YOUR ASSIGNMENT: For the data that follows, print the line with "First Due Movers Logo", the line with "20250927 YOUNG ANGELS Košice vs. CBK Košice", and all lines between them, exactly as they stand. Omit pictures and add nothing.

Start of RECORDED DATA

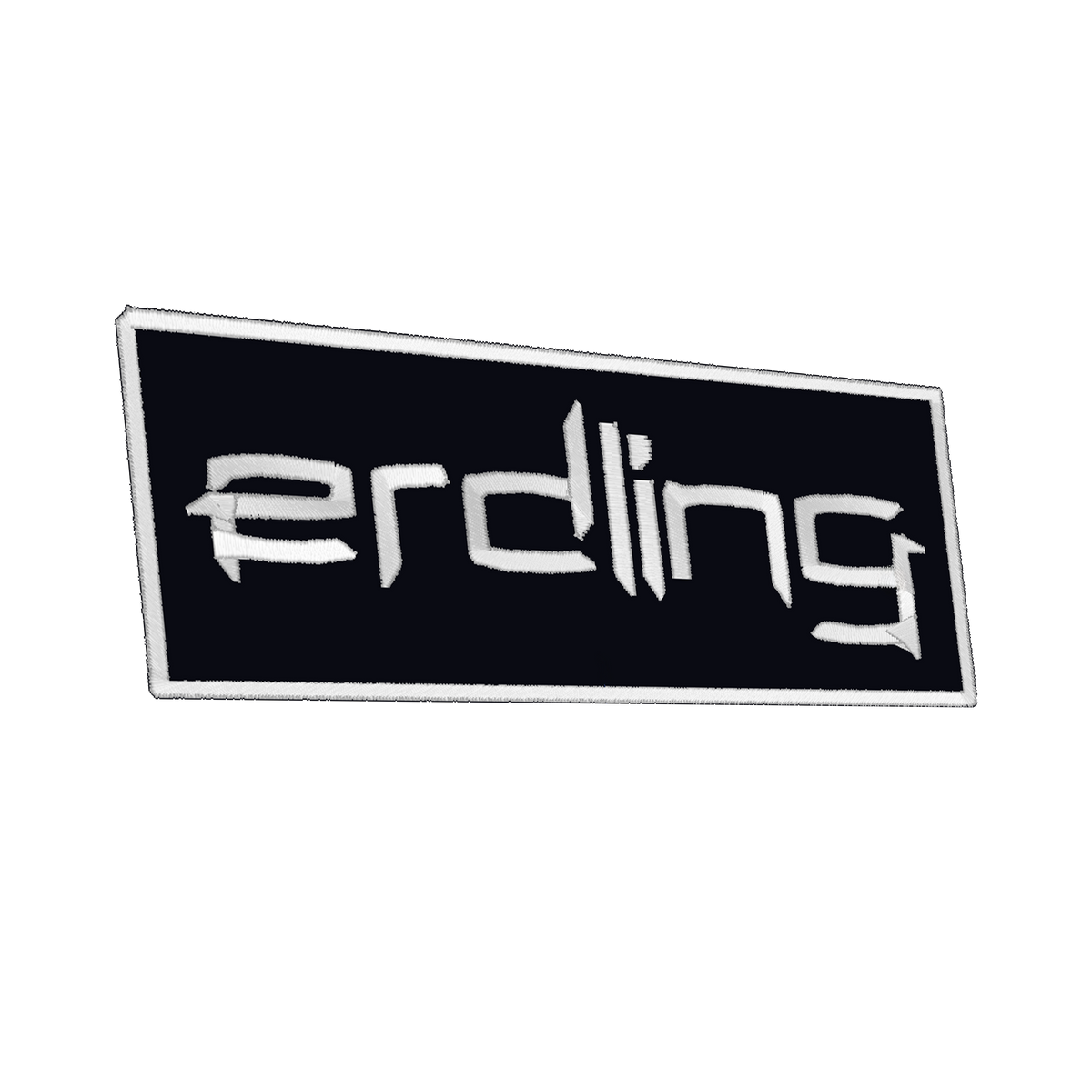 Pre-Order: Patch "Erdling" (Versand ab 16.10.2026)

End of RECORDED DATA
Start of RECORDED DATA

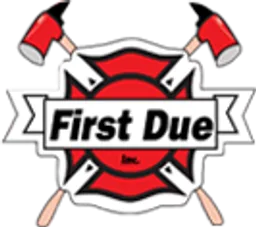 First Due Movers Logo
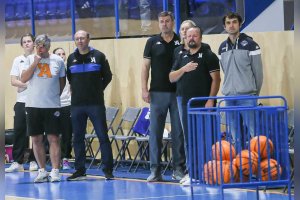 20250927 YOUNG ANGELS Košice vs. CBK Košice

End of RECORDED DATA
Start of RECORDED DATA

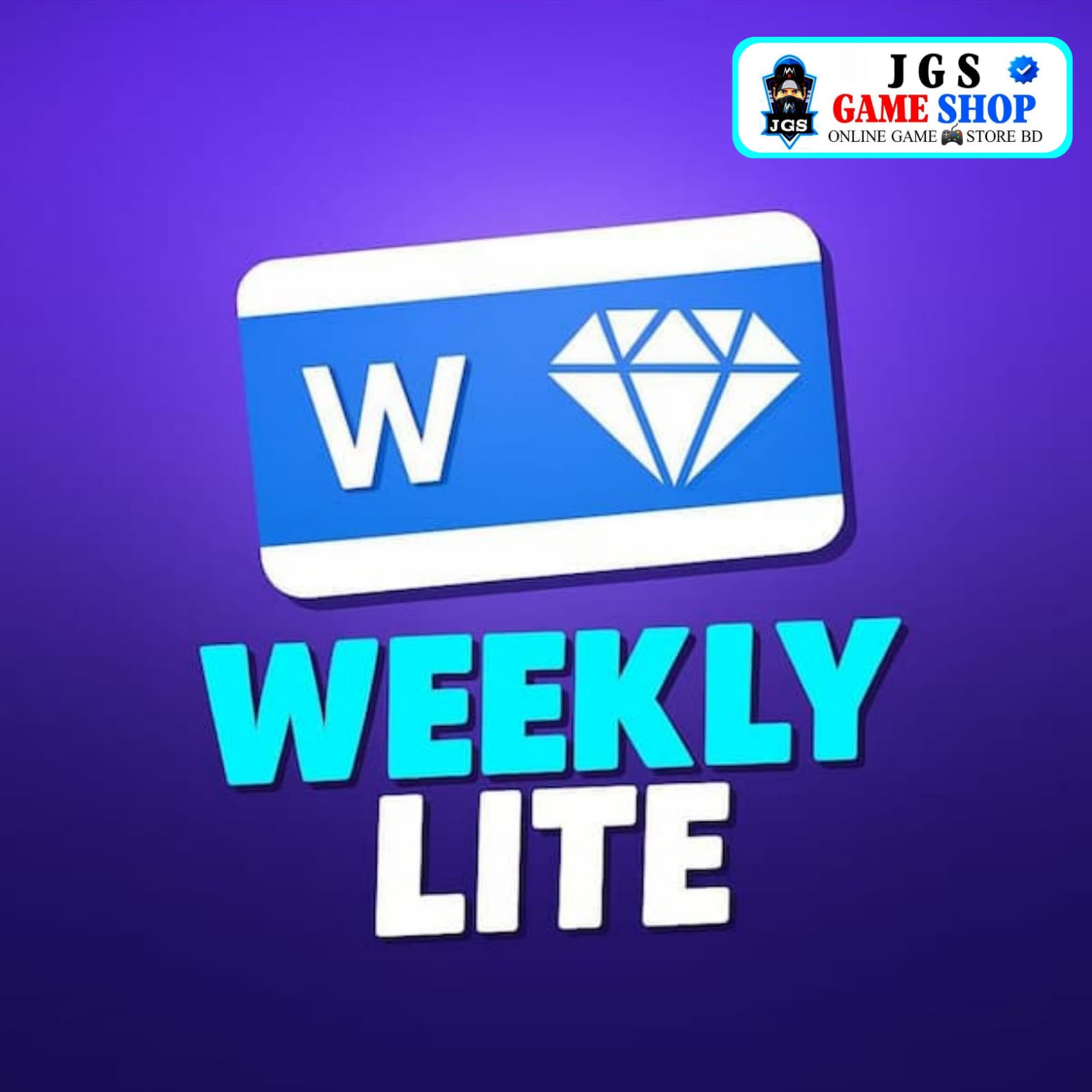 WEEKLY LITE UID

End of RECORDED DATA

OUTPUT FOR THIS EXERCISE:
 First Due Movers Logo
 20250927 YOUNG ANGELS Košice vs. CBK Košice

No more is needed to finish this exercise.